Input material:
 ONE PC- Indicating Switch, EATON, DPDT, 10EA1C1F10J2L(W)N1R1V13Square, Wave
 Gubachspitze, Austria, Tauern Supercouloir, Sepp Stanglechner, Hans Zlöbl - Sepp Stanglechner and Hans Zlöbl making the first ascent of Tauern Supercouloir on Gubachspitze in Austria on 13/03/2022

* * *

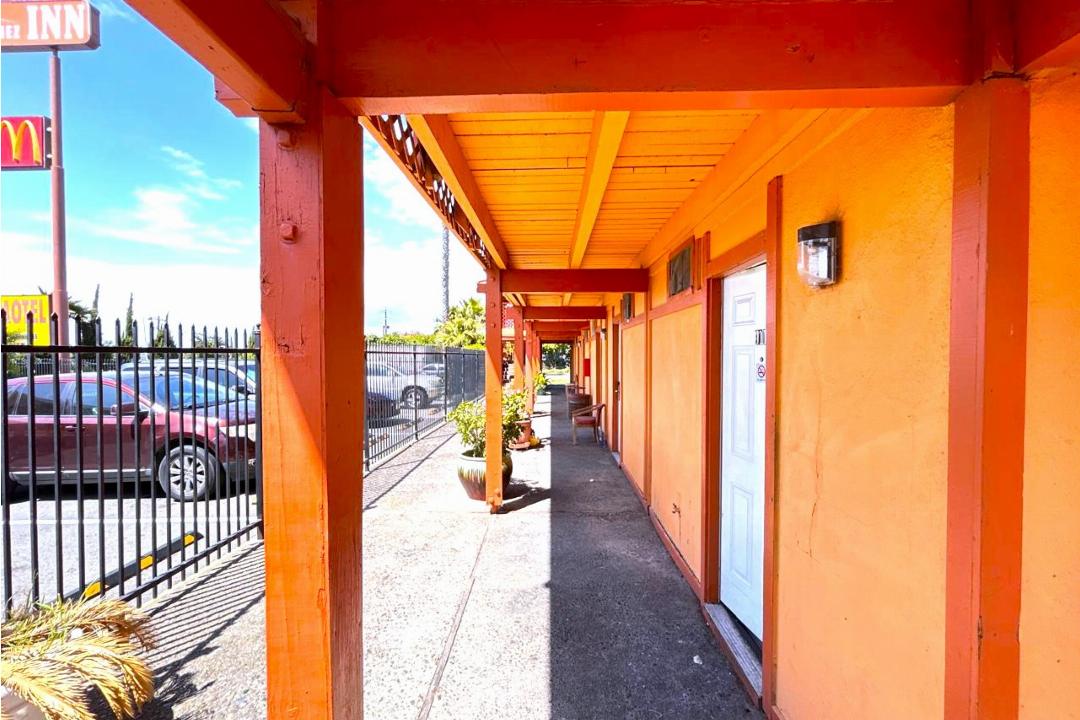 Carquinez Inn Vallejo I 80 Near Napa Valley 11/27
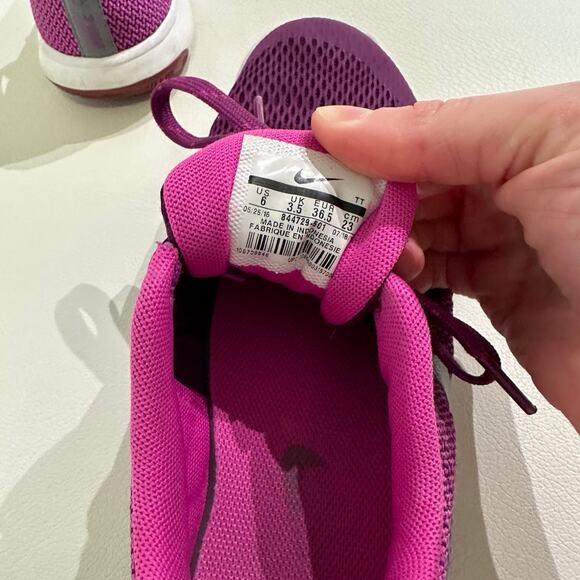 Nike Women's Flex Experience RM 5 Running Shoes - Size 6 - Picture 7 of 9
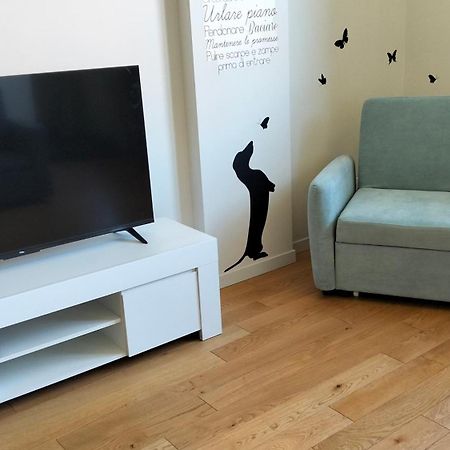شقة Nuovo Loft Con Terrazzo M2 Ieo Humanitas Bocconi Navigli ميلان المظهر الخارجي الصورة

Work instructions: Return only the stretch of the material above from the line holding "ONE PC- Indicating" through the line holding "Gubachspitze, Austria, Tauern", copied exactly.

Output for this task:
 ONE PC- Indicating Switch, EATON, DPDT, 10EA1C1F10J2L(W)N1R1V13Square, Wave
 Gubachspitze, Austria, Tauern Supercouloir, Sepp Stanglechner, Hans Zlöbl - Sepp Stanglechner and Hans Zlöbl making the first ascent of Tauern Supercouloir on Gubachspitze in Austria on 13/03/2022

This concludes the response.